I had mostly been distracted by Python, as I spend most of my time using it at university (and may at some point wrap a Python script around it). But after spending a couple of days at work converting documents that were automated through Thomson Reuters Contract Express (an amazing system for automating Word documents through questionnaires) to work in plain MS Word (so that they could work for users who did not use Contract Express). It finally hit me to use Word VBA for my own issue.
My first professional bit of programming was using Excel VBA to automate a couple of spreadsheets which we used in Finance. This work then helped to get me into McMillan Williams 3E project, as 3E’s programming language is VB.Net.
Transitioning back from VB.Net to VBA was a little painful, as many helpful parts of VB.Net are not present and the macro editor in Word (and Excel) is a bit impatient (if you start writing a line and then leave it while it is invalid an error is immediately raised).
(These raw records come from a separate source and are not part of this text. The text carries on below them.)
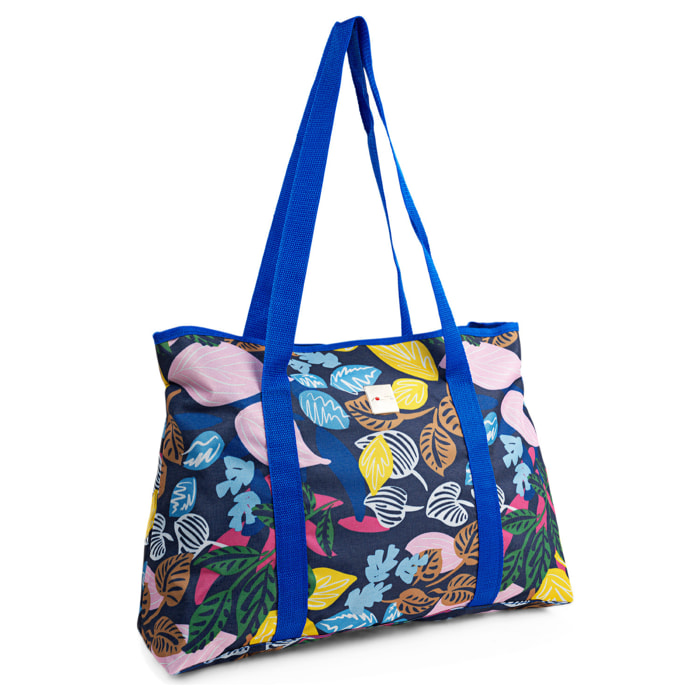 Bolso Shopper-Tote Itaca Solite Azulon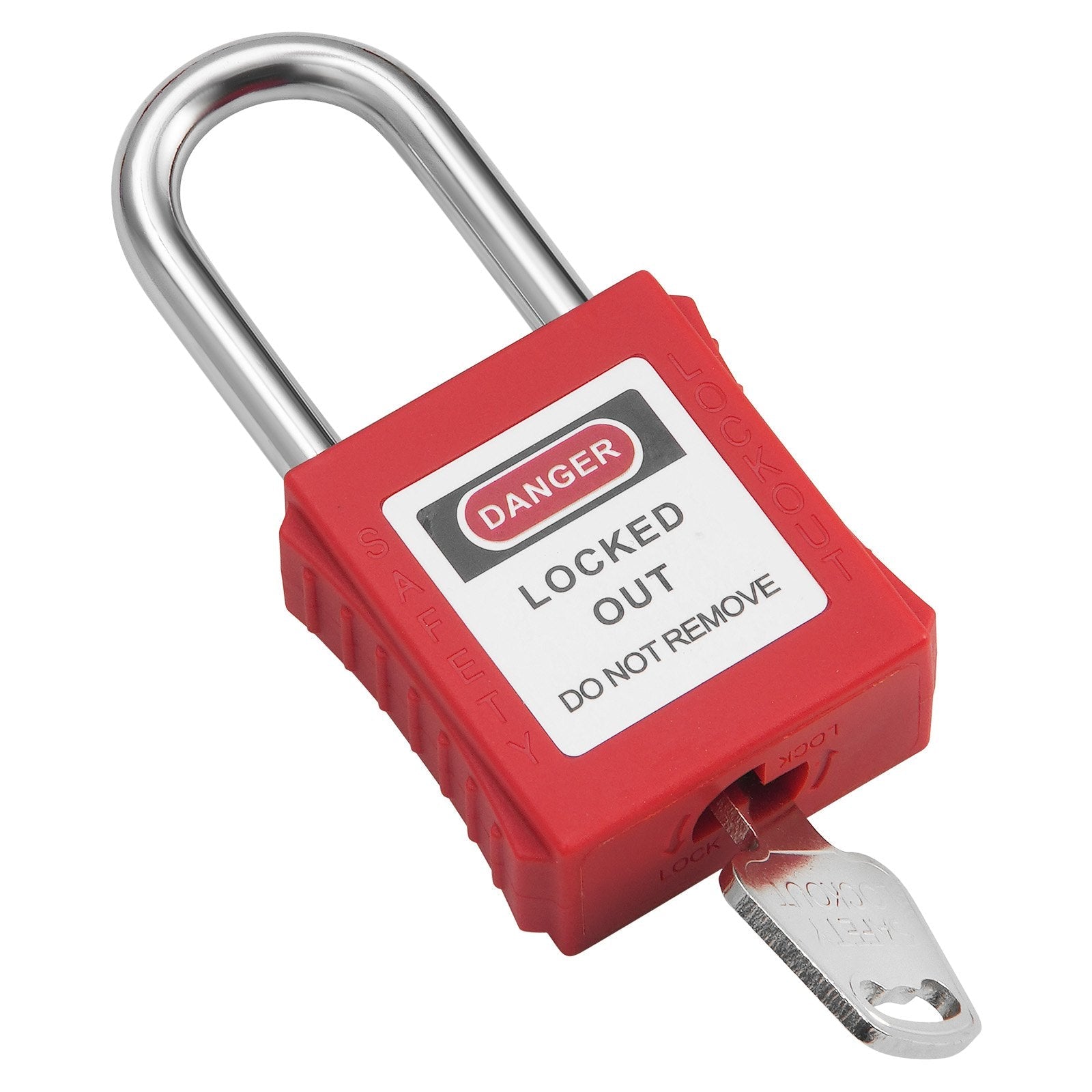 VEVOR Lockout Tagout Locks Set, 10 PCS Red Safety Lockout Padlocks, with 2 Keys Per Lock, OSHA Compliant Lockout Locks, Lock Out Tag Out Safety Padlocks for Electrical Lockout Tag Out Kits 
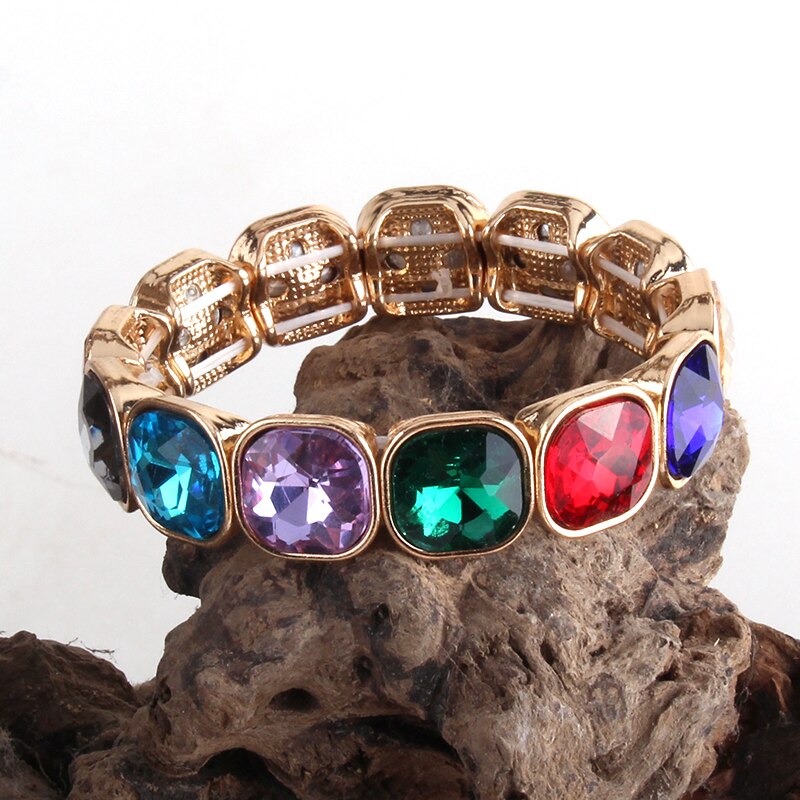 RH Nuovo Progettista Delle Donne di Modo Armbander Estate Multicolore di Cristallo Braccialetti Per Le Donne del Regalo Dei Monili: MULTI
Using a healthy dose of trail and error (plus the Microsoft pages on Word VBA and a slight bit of Googling) I setup various content controls (mostly because they look like ordinary text when they are filled in) to capture data such as the invoice number, number of hours, rate and invoice date. Then I built a function that activated when a content control was exited to run code after that. It first checks the tag of the control changed (the ActiveX ones directly link to an on-change function), then for number of hours it works out the total and updates that field. For the invoice date it adds 30 days and writes back to the due date control (the portion of code shown). To get to linked controls it uses a loop to look through the tags until it finds the correct one, which is not as efficient as I would like but with only a dozen controls it did not make too much sense to focus on it (but if anyone knows a better way I am very interested in it).